The Zionists built their colonial project on two big lies: 1) that God promised the land to the Jews, and 2) that this was a “land without people for a people without land.” Their land-obsessed nationalism mimicked the “blood and soil” logic of their anti-Semitic persecutors.

The State of Israel was founded on the ashes of the terroristic destruction of hundreds of Palestinian villages and ethnic cleansing of almost a million Palestinians from the territory, which could not have happened without the crucial role played by Zionist paramilitary forces, some of whom literally modeled themselves on Italian fascists. Here’s how Israeli historian Tom Segev describes the horrible irony of 100,000 Jews, mostly Holocaust survivors, taking over Palestinian homes:

Free people—Arabs—had gone into exile and become destitute refugees; destitute refugees—Jews—took the exiles’ places as a first step in their new lives as free people. One group lost all they had, while the other found everything they needed—tables, chairs, closets, pots, pans, plates, sometimes clothes, family albums, books, radios, and pets. Most of the immigrants broke into the abandoned Arab houses without direction, without order, without permission. For several months the country was caught up in a frenzy of take-what-you-can, first-come, first served.

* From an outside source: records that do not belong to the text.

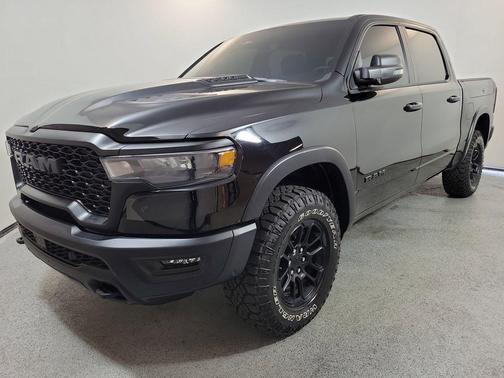 Diamond Black Crystal Pearlcoat 2025 RAM 1500 Rebel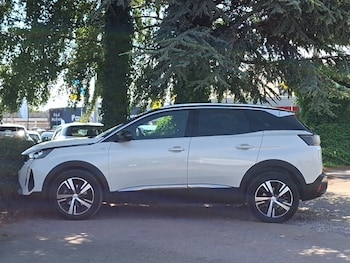 Used Peugeot 3008 2023 for sale - 79139175: Photo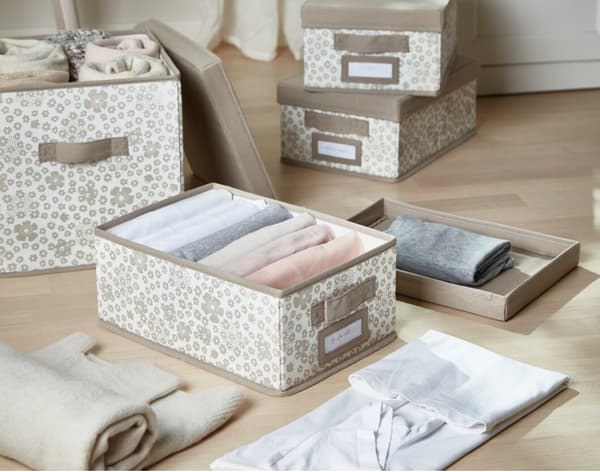 STORSTABBE Box with lid, beige, 25x35x15 cm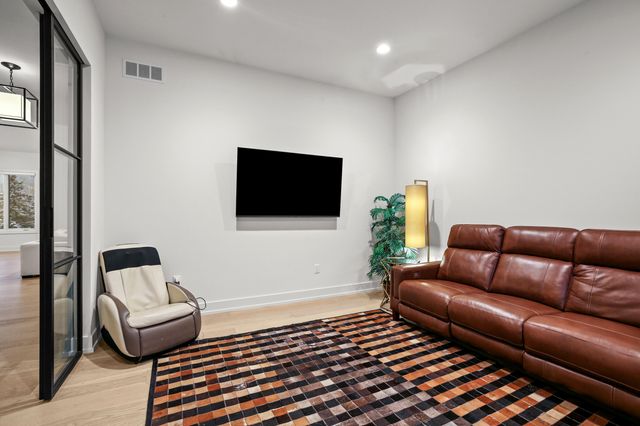 7303 Brookside Village Court, Bloomfield Hills, MI 48301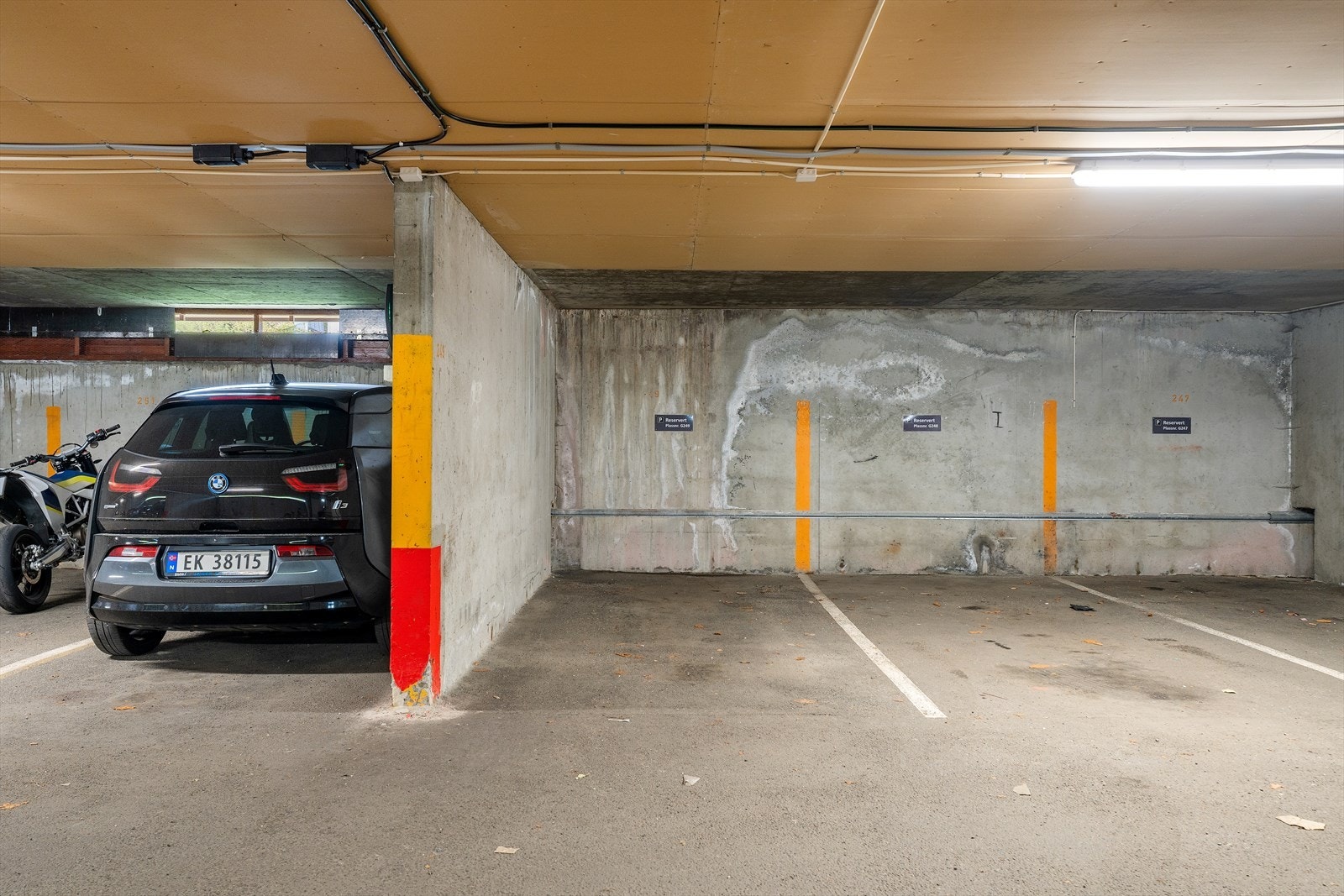 Fast garasjeplass i underetasje i naboblokken, merket G249. Enkel tilkomst via utvendig trapp og elektrisk port med fjernkontroll Galleribilde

Israel, which has been a Nakba (a catastrophe) for the Palestinian people since day 1, and an unrelenting nightmare ever since—all while pretending to be an enlightened democracy for all—is now resolving the inherent contradiction in a “democratic Jewish state” by throwing off the democratic façade (which was always very thin) and implementing open Jewish fascism. With the same logic of the Charlottesville Nazi chant, “the Jews will not replace us,” flipped and applied to Arabs, Israel’s new law declaring itself officially a “nation-state of the Jewish people” formalizes Jewish supremacy. Gaza turned into a giant concentration camp... repeated mass slaughters of Palestinians and the specter of mass “transfer” or even “final solutions”... the victims of Nazis, acting like Nazis. What a moral disaster!

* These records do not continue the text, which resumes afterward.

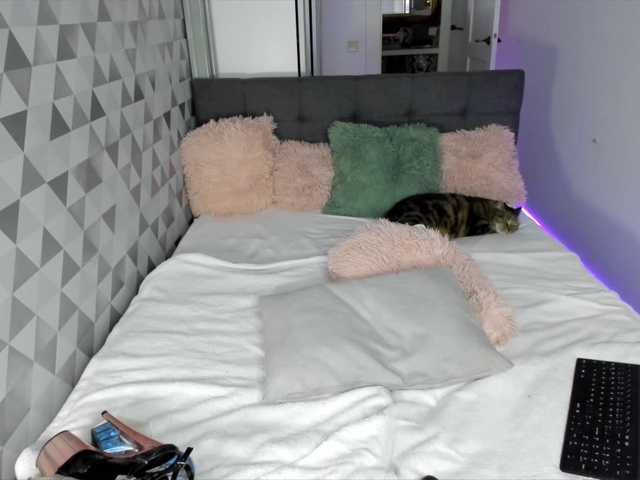 Ringhäälingupildid HotSaraJordan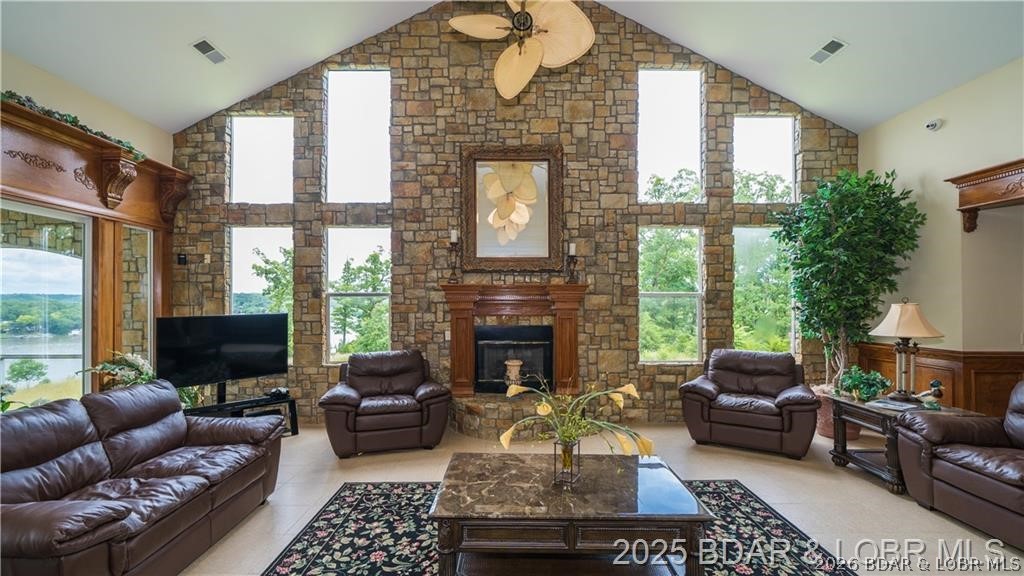 West Palms on the Lake Condo - Residential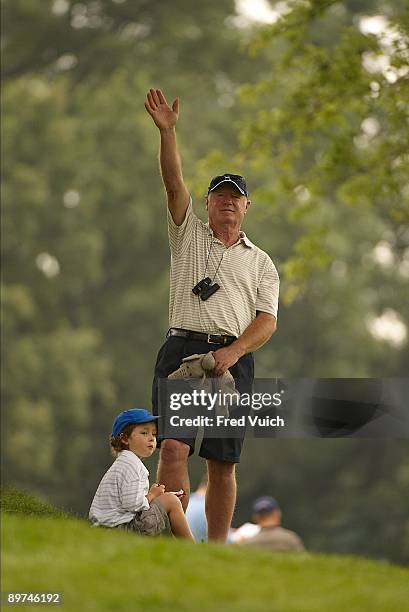 Bridgestone Invitational: View of father and son of caddie Steve Williams during Saturday play at Firestone CC. Akron, OH 8/8/2009 CREDIT: Fred Vuich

And how did Israel’s leaders respond to the mass murder of 11 Jews in the Pittsburgh synagogue? Activists in Prime Minister Netanyahu’s Likud party circulated an email upholding the shooter’s rationale, blaming the synagogue for its involvement with the Hebrew Immigrant Aid Society, which the email said “encouraged immigration” and “acted against Trump,” thereby “encouraging anti-Semitism.” The main emissary from Israel that went to Pittsburgh after the shooting, Naftali Bennett, is a pro-Trump fascist notorious for whipping up a pogromist atmosphere against African migrants in Israel, who he calls “infiltrators” and accuses of spreading crime and rape (sound familiar?). The increasingly theocratic State of Israel’s “Chief Rabbi” refused to call the Tree of Life synagogue a “synagogue,” because it’s not the “Orthodox” branch of Judaism. Israel is proudly linked to fascist forces internationally—not only in the U.S. and now Brazil, but also more direct Nazi descendants in Hungary and Poland, for example—joining their chorus of anti-Semitic attacks on George Soros. For the Zionists, things have truly come full circle.

As Bob Avakian has pointed out, there have been two responses to the Holocaust—two meanings to the idea “never again.” One response is, never again should something like this happen to anyone. The other response is, never again should this happen to us, and on that basis anything we do to others is justified. Where the latter one leads is on full display in the State of Israel.